▶ **Supplied information**:
★ ★ ★ ★ ★
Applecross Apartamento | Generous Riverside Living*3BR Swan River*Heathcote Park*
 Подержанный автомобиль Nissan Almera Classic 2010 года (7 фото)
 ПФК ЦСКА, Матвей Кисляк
★ ★ ★ ★ ★
▶ **What you have to do**: The lines from the one containing "Подержанный автомобиль Nissan" to the final line of the listing above must be set down exactly, both included.

▶ **Your response**:
 Подержанный автомобиль Nissan Almera Classic 2010 года (7 фото)
 ПФК ЦСКА, Матвей Кисляк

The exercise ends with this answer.